Four leading Democratic candidates for mayor accompanied union officials on those trips, as did State Education Commissioner John King and elected officials and educators from across the city. All of the candidates who took the trips have said they are committed to expanding the model in New York City. And Gov. Andrew Cuomo built $15 million in competitive grants into the state budget for schools to add community services.

But even before the state funds begin flowing or a new mayor takes office, the union is going ahead with an expansion. It opened applications to schools earlier this year and recently selected nine from the nearly 50 that applied to join the second round of the program. Now, union officials are considering bringing even more schools on board.

“There were some schools that were very, very motivated so we’re revisiting their applications,” said UFT President Michael Mulgrew. “We’re always willing to go to schools where we think this could be useful to them.”

Mulgrew said the union had overhauled the application process since last year after a rocky start to the program, when some schools expected the union to handle all of the heavy lifting and keep paying for services indefinitely.

“We realized after two months we had not correctly framed the vision of it. They just thought they were going to get help and money,” Mulgrew said. “This is about teaching the school community how to analyze what your needs are, but the path has to be to self-sustainability.”

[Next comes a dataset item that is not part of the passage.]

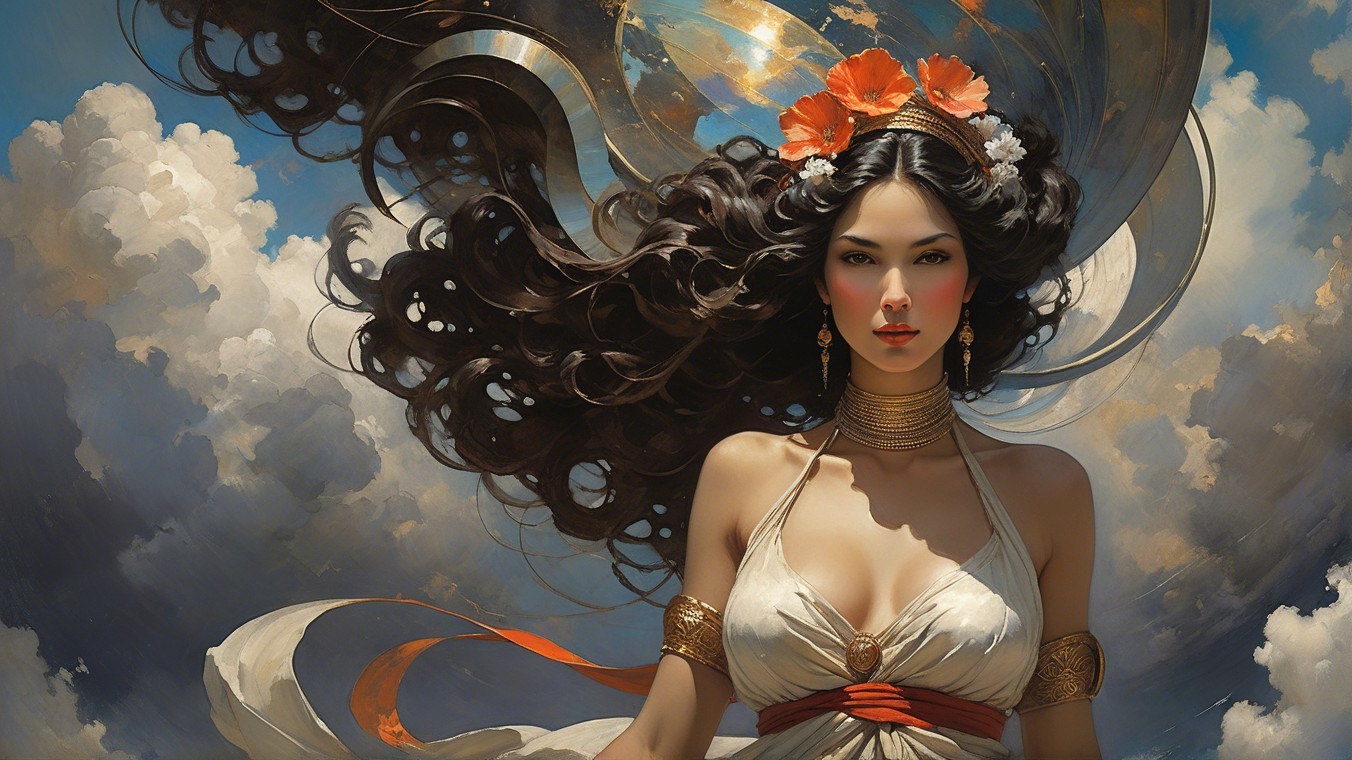 Ethereal beauty of a woman in flowing white dress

The union’s position is that there are sufficient service providers in the city to meet many students’ needs, but they do not work where students and their families need them most. The community schools program gives each participating school a coordinator whose job is to figure out what families need and work with existing service providers to help them relocate some of their efforts to the school building. Union officials act as a citywide broker, connecting coordinators with the service providers they request.

In the revamped application process, schools won points if they could show they understood the model, had ideas for implementation, boasted good relationship between teachers and administrators; and already managed their space and partnerships creatively. Only schools where at least 60 percent of students are eligible for free lunch could apply. The top 20 applicants made their case further in hourlong interviews.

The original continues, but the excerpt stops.